The best managers know that instilling a sense of confidence in all workers is critical to organizational success. Lack of confidence on the job may indicate that people may not know how best to accomplish a task, which can lead to less than wonderful results, or in the worst case can lead to safety problems, demotivation, and disengagement.
Turned around, confidence is to a great extent a function of learning the foundational skills for a role at work. Adam Grant, the well-known psychologist, puts it this way:
The highest form of self-confidence is believing in your ability to learn.
It will come as no surprise that the capacity for curiosity is linked to confidence. Asking questions is one of the signs of confidence and engagement at work, since the questions indicate a desire to learn, and an eagerness to fill in knowledge gaps that may be essential.
In my work as an advisor and executive, I am well-known for asking questions rather than telling people what to do or how to do it. But in many company cultures that can run against norms, where it can be perceived as a rebuke of the status quo, as opposed to being confident.
Surveys have shown that confidence underlies organizational health:
The real impact of confidence stretches beyond the individual; confident employees also bring big rewards for employers. Nearly all workers (98%) say they perform better when they feel confident. This makes sense, since many foundational workplace skills, including work ethic, are driven by confidence.
What’s more, 96% of respondents are more likely to stay at a company when they feel confident. Teams and companies that support this skill and nurture it among employees can help reduce turnover.
One barrier to employee confidence is that it's hard to give good feedback, to help people improve and to learn. In The Feedback Fallacy, Marcus Buckingham and Ashley Goodall get to the heart of this problem:
Feedback is about telling people what we think of their performance and how they should do it better—whether they’re giving an effective presentation, leading a team, or creating a strategy. And on that, the research is clear: Telling people what we think of their performance doesn’t help them thrive and excel, and telling people how we think they should improve actually hinders learning.
The authors spell it out. People are "unreliable raters" of others. We don't have the objectivity to evaluate someone's assertiveness or creativity, for example. We are subject to the idiosyncratic rater effect, where 50% or more of a rating of someone else reflects the rater, not the subject being rated.
So even before trying to give helpful feedback, we are blocked because, as Buckingham and Goodall state, “the only realm in which humans are an unimpeachable source of truth is that of their own feelings and experiences” not others' capabilities.
Here's what the authors suggest. Think of the left-hand column as the dark side, which decreases confidence and perhaps completely kills it, while the right-hand column is much more positive and non-threatening.

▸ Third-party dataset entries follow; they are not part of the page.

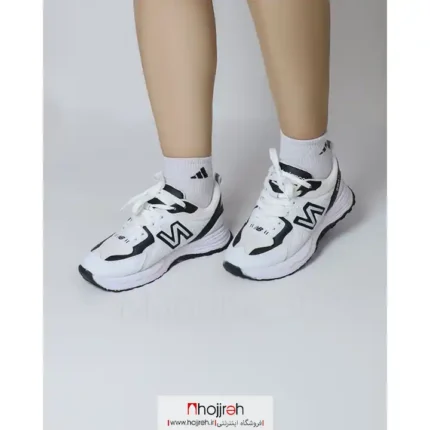 خرید و قیمت کتانی اسپرت طرح نیوبالانس New Balance سفید مشکی کد MH1118 از حجره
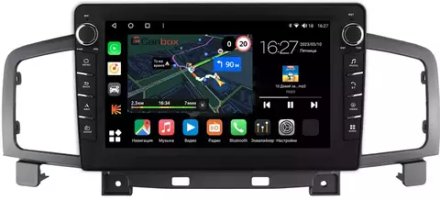 Магнитола для Nissan Elgrand 3 2010-2020 - Canbox 10-2522 Android 10, ТОП процессор, CarPlay, 4G SIM-слот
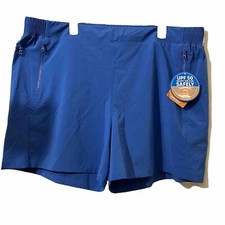 NWT Columbia PFG Tidal II Shorts Bermuda Outdoor Fishing Sun Protection Blue 2X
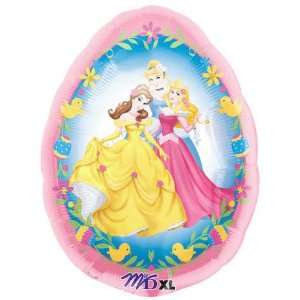  Disney Princesses Egg Flowers Birds 27 Balloon Mylar 
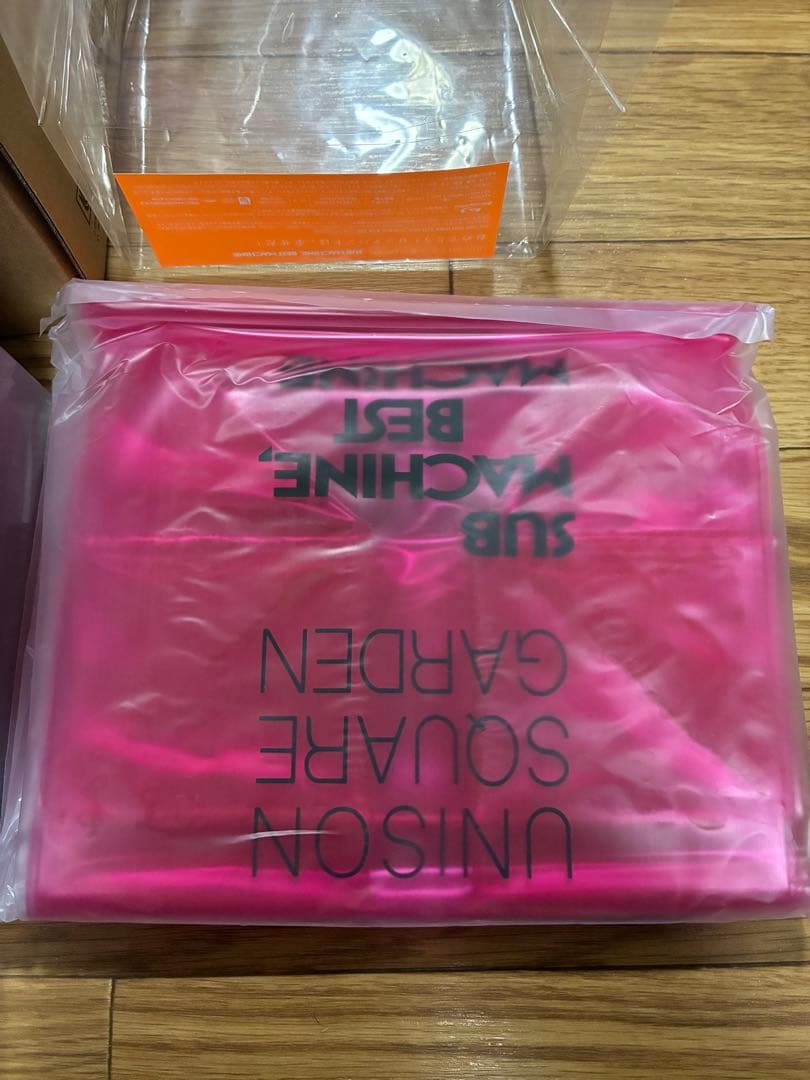 UNISON SUB MACHINE, BEST MACHINE 受注生産限定盤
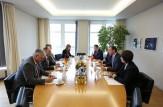 Igor Corman a avut o întrevedere cu Christoph Bergner, Secretar de stat în Ministerul Federal de Interne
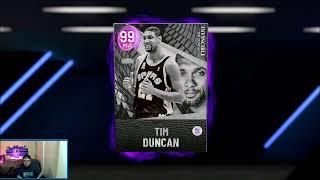 NBA 2k22 Invincible Tim Duncan Review! 6/18/22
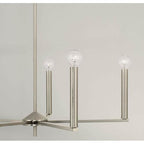 Capital Lighting Portman 27.75''w X 24''h 5-light Chandelier In Aged Brass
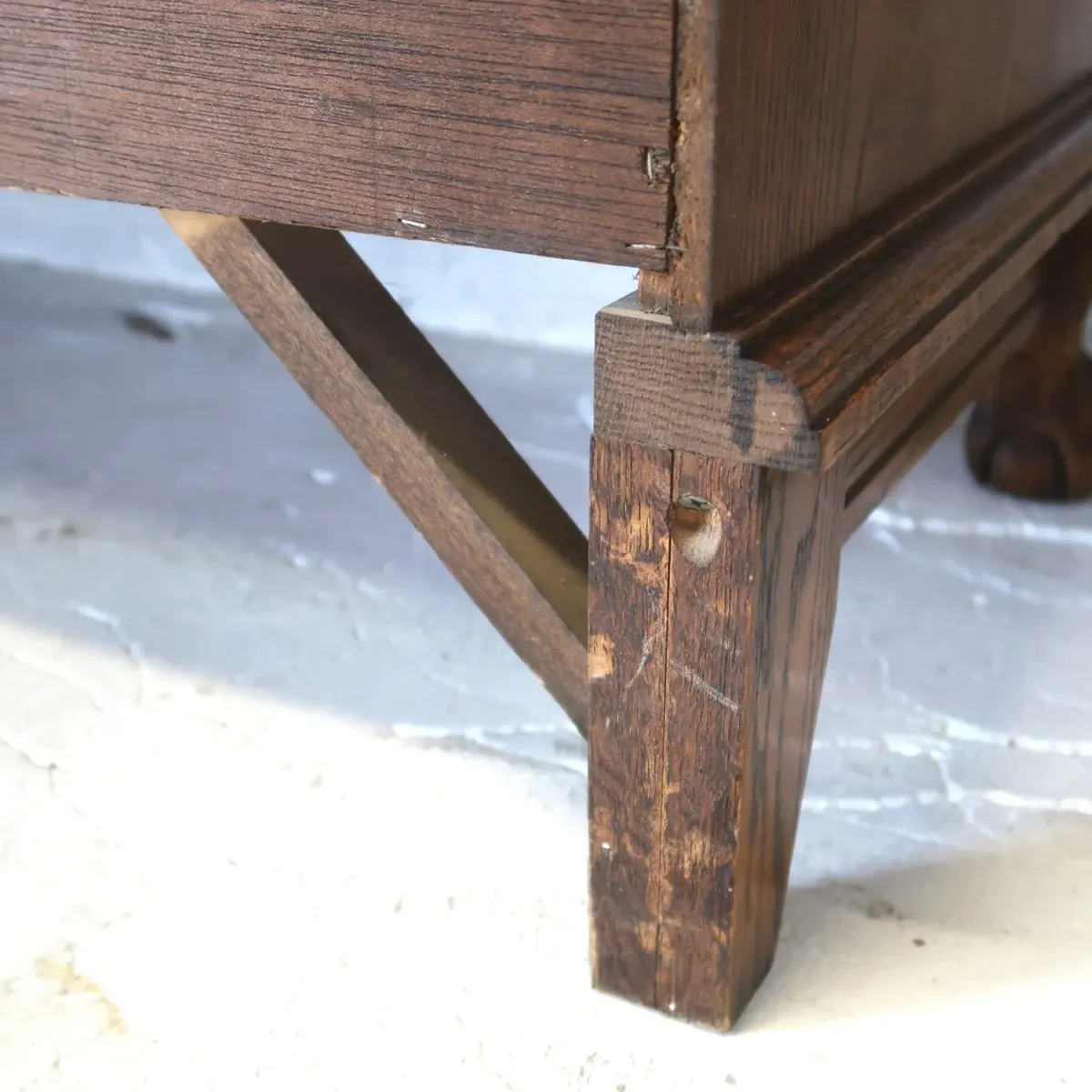 アンティーク サイドボード オーク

This reminds me of the line in Jerry Maguire when Tom Cruise (as Maguire) is shouting to Cuba Gooding, "Help me to help you." So we need to focus feedback through the channel of feeling: tell the feedbackee how we feel in response to what they are saying or doing, instead of telling them what to do or how to do it. And the best way to do that is when they have done something well.
The great football coach Tom Landry once had a great insight. His team wasn't performing well, the players weren't confident, and no matter how many times he had them watch the mistakes they made on film, and no matter how many times he told them what they should have done, they didn't improve.
Landry realized training people to absorb the lessons of an infinite number of mistakes was impossible. However, the right ways to execute a catch, a block, or throw were finite, and that made learning manageable. So he junked the mistakes tapes and found clips where the players made the perfect catch, block, or throw. And he pledged to the team, "we only replay your winning plays."
That's confidence building, instead of confidence destroying.